TASK TO COMPLETE: Output exactly, in the material below, the lines from the one with "Imagem de Conjunto" through the one with "Sexy black lace". Omit all pictures.

DATA TO PROCESS:
- - - - - - -
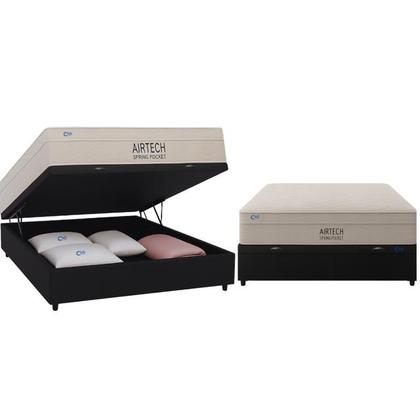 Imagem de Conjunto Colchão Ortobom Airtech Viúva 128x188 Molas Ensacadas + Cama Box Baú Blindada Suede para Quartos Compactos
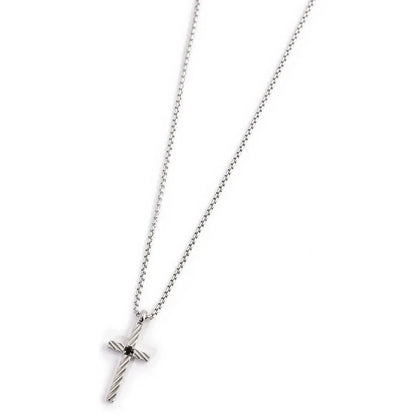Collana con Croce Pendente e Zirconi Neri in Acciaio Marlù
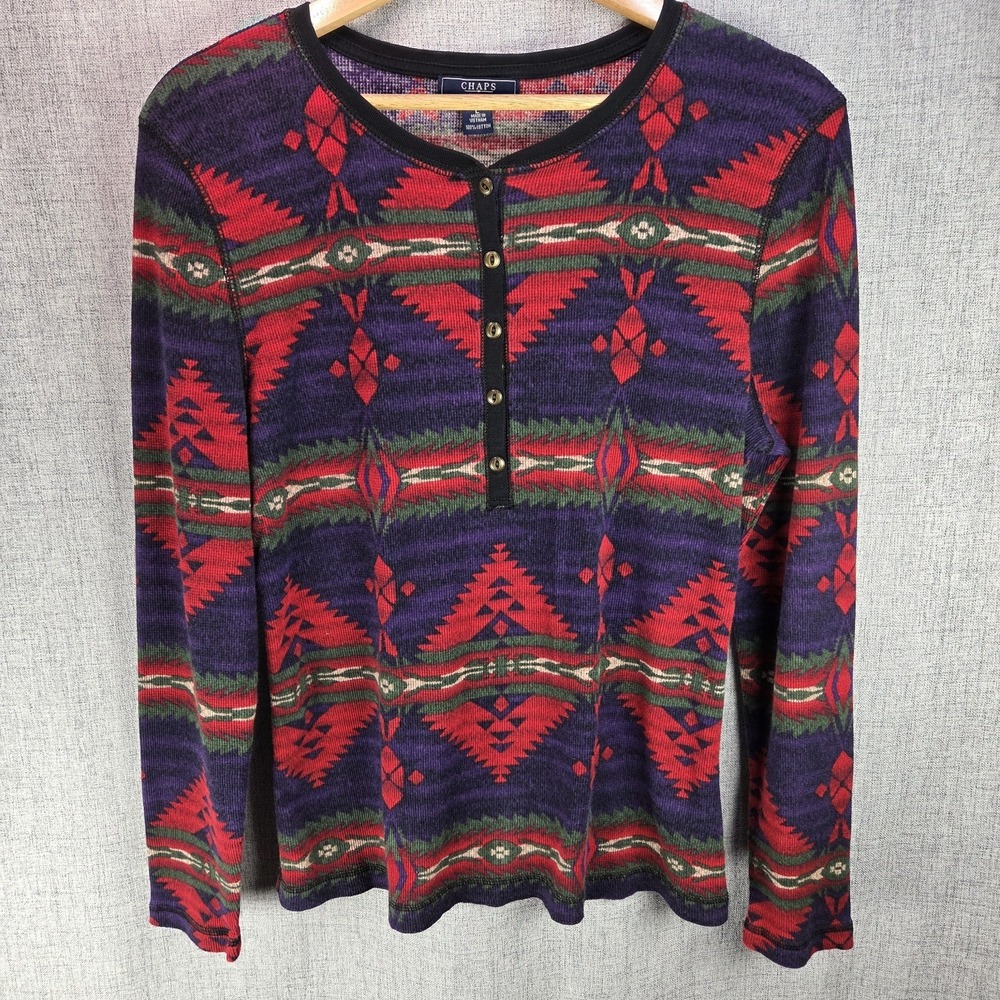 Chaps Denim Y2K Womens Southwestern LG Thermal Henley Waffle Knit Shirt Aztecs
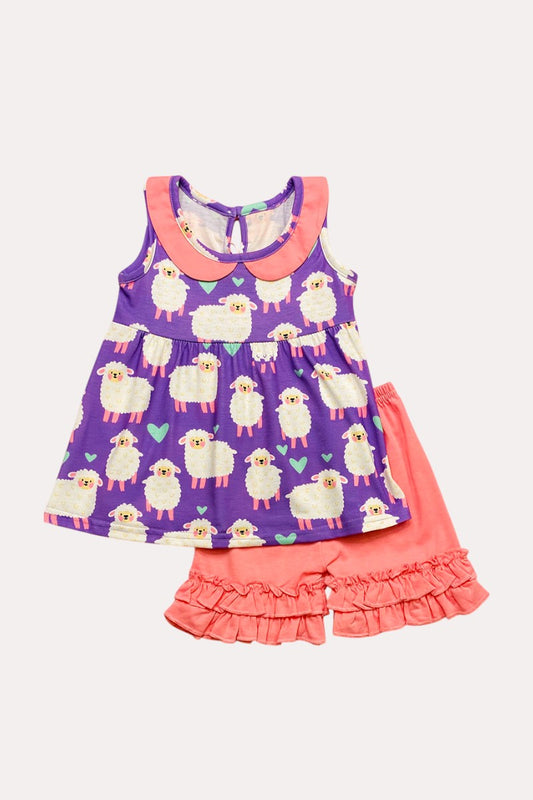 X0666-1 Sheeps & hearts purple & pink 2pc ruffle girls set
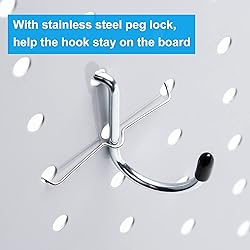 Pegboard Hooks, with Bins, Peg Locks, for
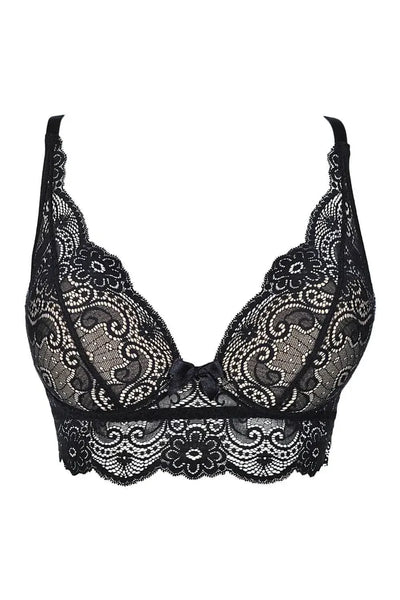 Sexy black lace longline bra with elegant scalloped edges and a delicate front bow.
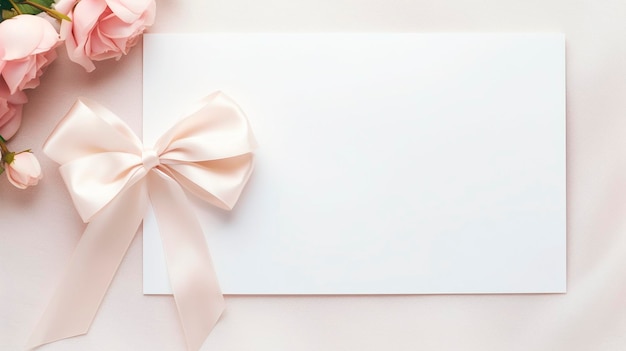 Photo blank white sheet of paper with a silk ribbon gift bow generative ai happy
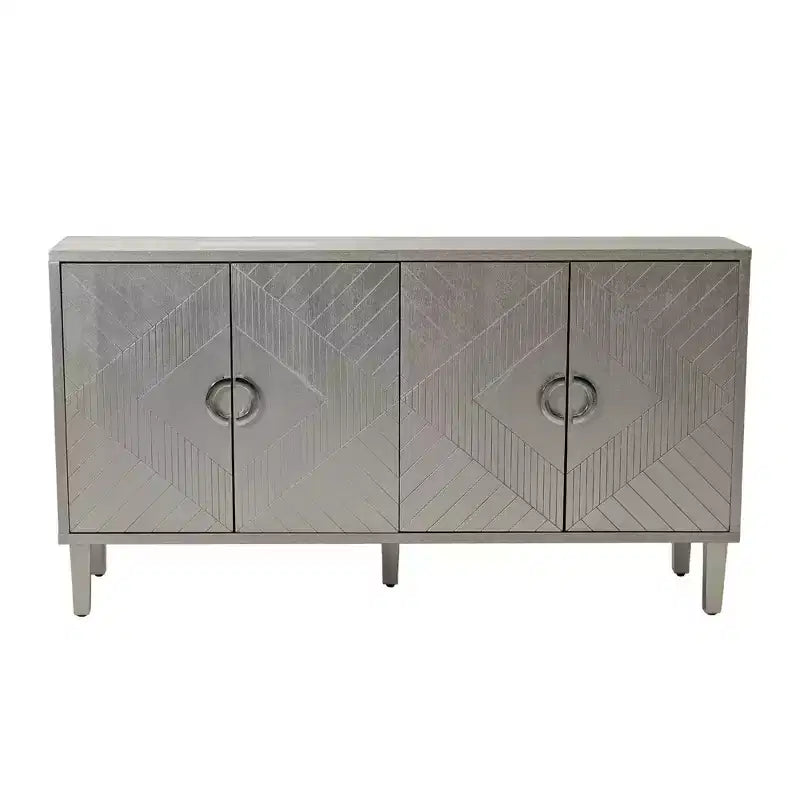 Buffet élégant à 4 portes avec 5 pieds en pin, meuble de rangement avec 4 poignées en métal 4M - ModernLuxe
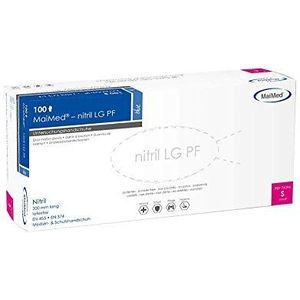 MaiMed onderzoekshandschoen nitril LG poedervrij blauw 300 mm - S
- - - - - - -
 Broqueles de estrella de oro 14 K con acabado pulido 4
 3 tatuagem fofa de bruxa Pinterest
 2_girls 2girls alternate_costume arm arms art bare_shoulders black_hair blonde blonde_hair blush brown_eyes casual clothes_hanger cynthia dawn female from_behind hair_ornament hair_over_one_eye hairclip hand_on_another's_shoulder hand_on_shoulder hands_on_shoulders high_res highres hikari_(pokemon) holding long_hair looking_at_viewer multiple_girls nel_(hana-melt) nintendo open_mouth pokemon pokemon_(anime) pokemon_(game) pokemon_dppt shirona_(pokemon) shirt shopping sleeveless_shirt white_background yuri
- - - - - - -
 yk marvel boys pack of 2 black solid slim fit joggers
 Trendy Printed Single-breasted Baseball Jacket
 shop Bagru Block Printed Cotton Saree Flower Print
- - - - - - -
RESULT OF THE TASK:
 Imagem de Conjunto Colchão Ortobom Airtech Viúva 128x188 Molas Ensacadas + Cama Box Baú Blindada Suede para Quartos Compactos
Collana con Croce Pendente e Zirconi Neri in Acciaio Marlù
 Chaps Denim Y2K Womens Southwestern LG Thermal Henley Waffle Knit Shirt Aztecs
 X0666-1 Sheeps & hearts purple & pink 2pc ruffle girls set
 Pegboard Hooks, with Bins, Peg Locks, for
 Sexy black lace longline bra with elegant scalloped edges and a delicate front bow.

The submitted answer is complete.